If you enjoy watching hard drives being destroyed, then this video may please you. Better yet, the data that was pulverized was part of a surveillance society, the centralized database for UK National ID Cards.

If you enjoy watching hard drives packed with personal data being destroyed, then you might be amused by Britain’s mass destruction of drives which made up a centralized database. There were about 500 hard drives and 100 backup tapes with personal details and fingerprints for 15,000 people that were publicly destroyed.

Britain’s Home Office said the drives were “magnetically wiped and shredded. They will soon be incinerated in an environmentally friendly waste-for-energy process. This signals an end to the National Identity Register which was built to hold the details of people who applied for an ID card.”

In the video below, British Immigration Minister Damian Green crushes the drives. According to the Home Office, Green said, “Laying ID cards to rest demonstrates the government’s commitment to scale back the power of the state and restore civil liberties. This is about people having trust in the government to know when it is necessary and appropriate for the state to hold and use personal data, and it is about the government placing their trust in the common-sense and responsible attitude of people. This is just the first step in the process of restoring and maintaining our freedoms.”

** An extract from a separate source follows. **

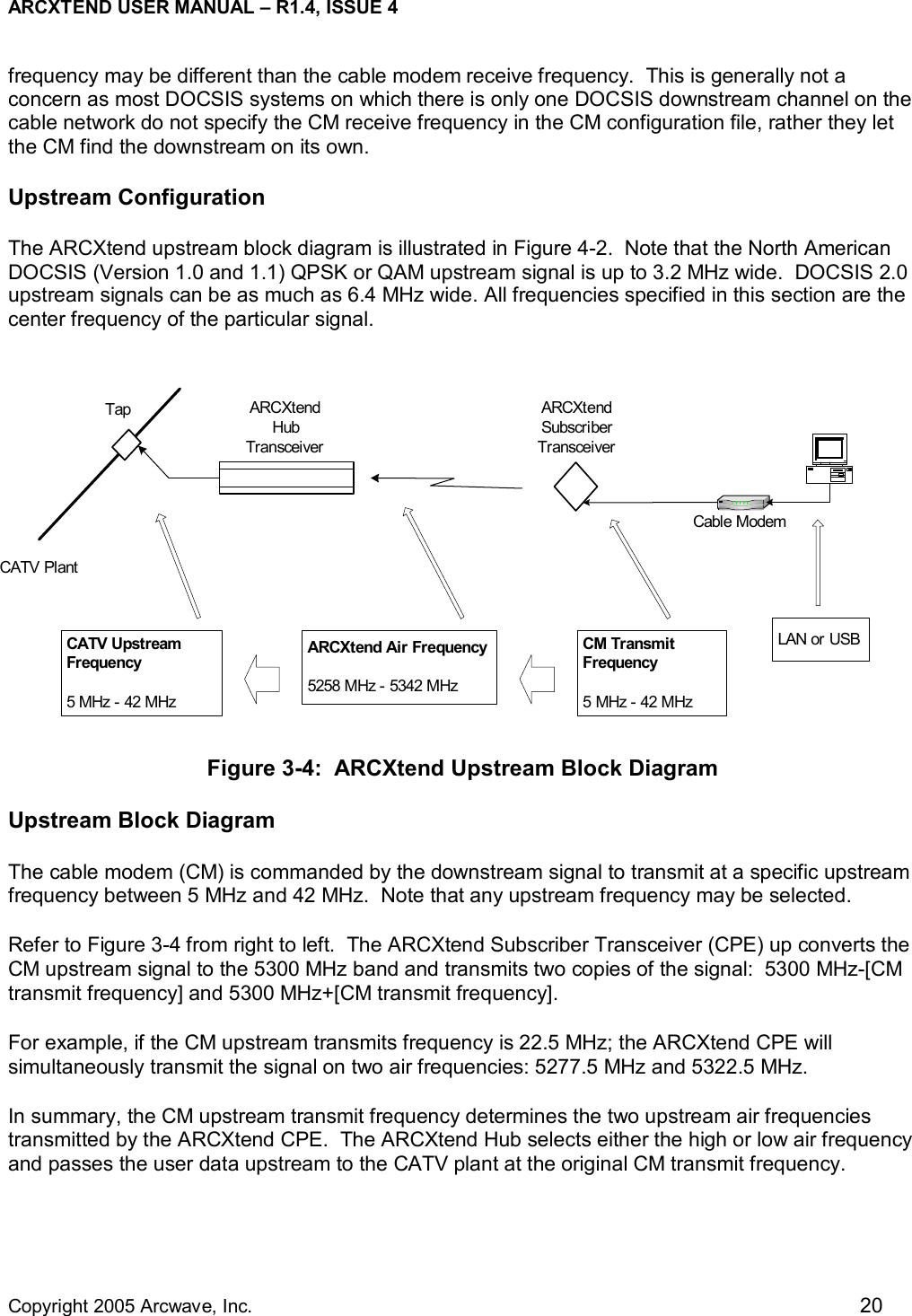 ARCXTEND USER MANUAL – R1.4, ISSUE 4  Copyright 2005 Arcwave, Inc.    20 TapCATV PlantARCXtendSubscriberTransceiverCable ModemARCXtendHubTransceiverCATV UpstreamFrequency5 MHz - 42 MHzARCXtend Air Frequency5258 MHz - 5342 MHzCM TransmitFrequency5 MHz - 42 MHzLAN or USBfrequency may be different than the cable modem receive frequency.  This is generally not a concern as most DOCSIS systems on which there is only one DOCSIS downstream channel on the cable network do not specify the CM receive frequency in the CM configuration file, rather they let the CM find the downstream on its own.   Upstream Configuration The ARCXtend upstream block diagram is illustrated in Figure 4-2.  Note that the North American DOCSIS (Version 1.0 and 1.1) QPSK or QAM upstream signal is up to 3.2 MHz wide.  DOCSIS 2.0 upstream signals can be as much as 6.4 MHz wide. All frequencies specified in this section are the center frequency of the particular signal.         Figure 3-4:  ARCXtend Upstream Block Diagram Upstream Block Diagram The cable modem (CM) is commanded by the downstream signal to transmit at a specific upstream frequency between 5 MHz and 42 MHz.  Note that any upstream frequency may be selected. Refer to Figure 3-4 from right to left.  The ARCXtend Subscriber Transceiver (CPE) up converts the CM upstream signal to the 5300 MHz band and transmits two copies of the signal:  5300 MHz-[CM transmit frequency] and 5300 MHz+[CM transmit frequency].   For example, if the CM upstream transmits frequency is 22.5 MHz; the ARCXtend CPE will simultaneously transmit the signal on two air frequencies: 5277.5 MHz and 5322.5 MHz. In summary, the CM upstream transmit frequency determines the two upstream air frequencies transmitted by the ARCXtend CPE.  The ARCXtend Hub selects either the high or low air frequency and passes the user data upstream to the CATV plant at the original CM transmit frequency.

Microsoft identity guru Kim Cameron has every right to say, “I told you so,” about the British ID Card scheme, but he was more polite when he posted “Broken Laws of Identity lead to system’s destruction.”

Cameron is Microsoft’s Chief Architect of Identity and author of The Laws of Identity [PDF]. He wrote:

the British scheme was exceptional in breaking so many of the Laws of Identity at once. It flaunted the first law – User control and Consent – since citizen participation was mandatory. It broke the second – Minimal Disclosure for a Constrained Use – since it followed the premise that as much information as possible should be assembled in a central location for whatever uses might arise… The third law of Justifiable Parties was not addressed given the centralized architecture of the system, in which all departments would have made queries and posted updates to the same database and access could have been extended at the flick of a wrist. And the fourth law of “Directed Identity” was a clear non-goal, since the whole idea was to use a single identifier to unify all possible information.

The UK Identity Cards Act was packed with “feature creep” which allowed “the potential scope of the scheme to be much greater than that usually publicized by the Government.” Former UK Prime Minister Gordon Brown was reported to have been “planning a massive expansion of the ID cards project that would widen surveillance of everyday life by allowing high-street businesses to share confidential information with police databases.” Brown had described how “police could be alerted as soon as a wanted person used a biometric-enabled cash card or even entered a building via an iris-scan door.”

Hey, USA, sound creepily familiar at all to Real ID: DHS National ID Nightmare that Won’t Die?

The UK had ignored technology and privacy experts in setting up its Identity Card Act, at least until the recent election where the people made it known that they wanted to end it. I wish the U.S. would take note of the disastrous UK ID scheme and pulverize the Real ID Act before it creates Total Information Awareness. But then there is the SAR database, so it’s unlikely we will see those hard drives destroyed for massive U.S. surveillance databases. Yet seeing Britain destroy those drives and the plan for the ID cards at least gives me hope that perhaps the same could happen in the USA some future day.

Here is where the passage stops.